ABOUT THIS TASK: Your reply should consist only of the lines from the one holding "Fridge, microwave, oven, stovetop" to the last line of the data below, written out exactly and without pictures.

PROVIDED MATERIAL:
Segment Open

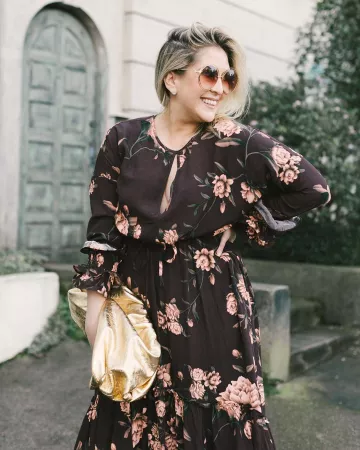 Chloé Carlina Gafas de sol de Kat Ensign en la cuenta de Instagram @katwalksf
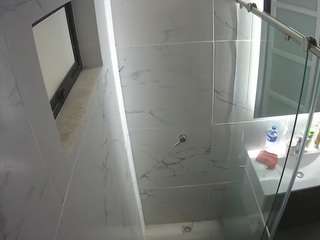 voyeurcam-casa-salsa-bathroom-13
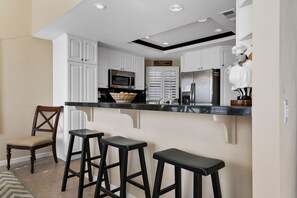 Fridge, microwave, oven, stovetop - 2 bedrooms plus a den at PGA West (La Quinta)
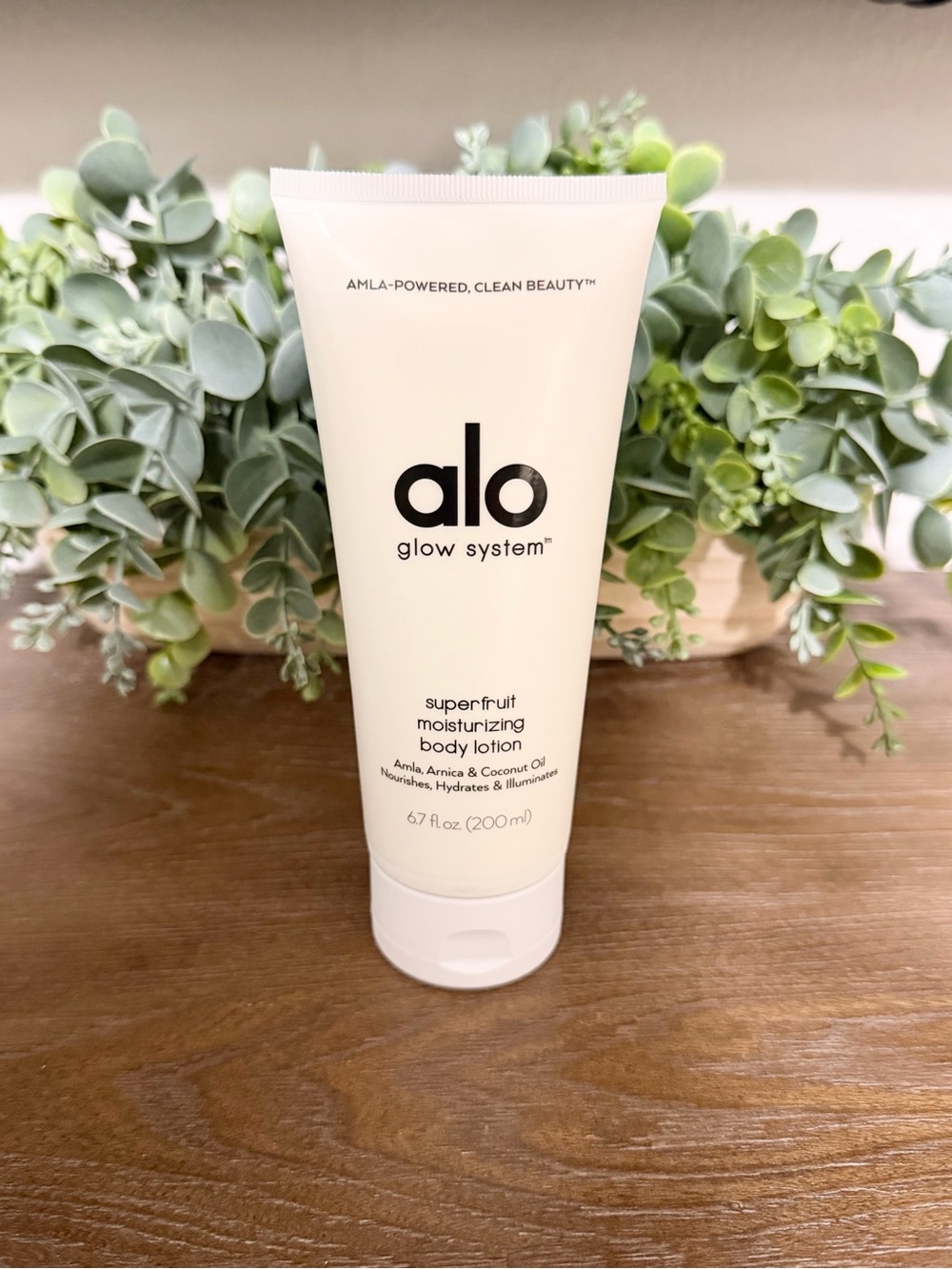 alo Glow System Superfruit Moisturizing Body Lotion - Cream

Segment Closed

WRITTEN ANSWER:
 Fridge, microwave, oven, stovetop - 2 bedrooms plus a den at PGA West (La Quinta)
 alo Glow System Superfruit Moisturizing Body Lotion - Cream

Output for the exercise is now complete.